# ID Leucomelas morph



## araceae (Jan 28, 2010)

I was told my Leuc. is either a Normal or a Green foot, any help?
She has a heart on her butt if that helps


----------



## Julio (Oct 8, 2007)

how old is hte frog in question? where did you obtain it from? 
It looks normal to me, but a little more info would help


----------



## araceae (Jan 28, 2010)

She is 8 months old now, I bought her from Aqua World Super Pet Center in Pittsburgh, PA. 
Would how much I paid for her help to figure things out too? Are different morphs different prices? 



Julio said:


> how old is hte frog in question? where did you obtain it from?
> It looks normal to me, but a little more info would help


----------



## Julio (Oct 8, 2007)

yeah, different morphs are different prices, but if you paid retail that can alter things, did you ask the store who the breeder was?


----------



## araceae (Jan 28, 2010)

She was $80 and bred in the store I think. They almost wouldnt sell me one because they wanted to wait for them to reproduce. They had film canisters in all the tanks too.


----------



## Julio (Oct 8, 2007)

well in that case i woudl say its a def normal, however green foots are not around as much and are a little more money then that.


----------



## araceae (Jan 28, 2010)

thanks


----------



## araceae (Jan 28, 2010)

What confuses me is why sometimes her feet look sooo green!? 

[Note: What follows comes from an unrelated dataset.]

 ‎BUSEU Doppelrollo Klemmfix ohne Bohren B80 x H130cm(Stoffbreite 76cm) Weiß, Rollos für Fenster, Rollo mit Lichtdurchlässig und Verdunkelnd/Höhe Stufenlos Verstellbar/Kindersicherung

anyone have pics of a green and a normal to compare to mine?


----------



## Julio (Oct 8, 2007)

well, give her a little more time to grow up, sometimes the coloration on the frogs keeps going for a while. Also, green foots are pretty distinctive, that one does not look like one.


----------



## araceae (Jan 28, 2010)

I quickly created a crappy movie thingy, shows her a little more, I will wait a little longer to be sure what she is, but I want to show her off 

idk if this will work but..



http://www.facebook.com/video/video.php?v=109135009098442&saved


----------



## hexentanz (Sep 18, 2008)

Normal. And any normal I have seen (at least here) have a slight green tinge on the toes.


----------



## Roadrunner (Mar 6, 2004)

The green foot leucs I sell are $40ea. The banding doesn`t look broken up enough. There is always the chance it`s a hybrid.


----------



## porkchop48 (May 16, 2006)

araceae said:


> She was $80 and bred in the store I think. They almost wouldnt sell me one because they wanted to wait for them to reproduce. They had film canisters in all the tanks too.


I can almost guarantee they were not bred in that store. I can probably tell you who bred her as well 

Regular leuc. Not green footed.


----------



## puckplaya32 (Jan 6, 2008)

nominant leucs can throw offspring with greenish tinges as well


----------



## araceae (Jan 28, 2010)

puckplaya32 said:


> nominant leucs can throw offspring with greenish tinges as well


is nominant the same as normal?


----------



## puckplaya32 (Jan 6, 2008)

Sort of, nominant means like the base morph. Leucs are highly variable and will throw all sorts of variations including green foots and fine spots. Whether or not green foots are even a legitimate morph is questionable, some have argued they are the result of line breeding. There are some other threads on DB that have looked a little deeper into the topic, but i dont believe anyone came to a definitive answer.


----------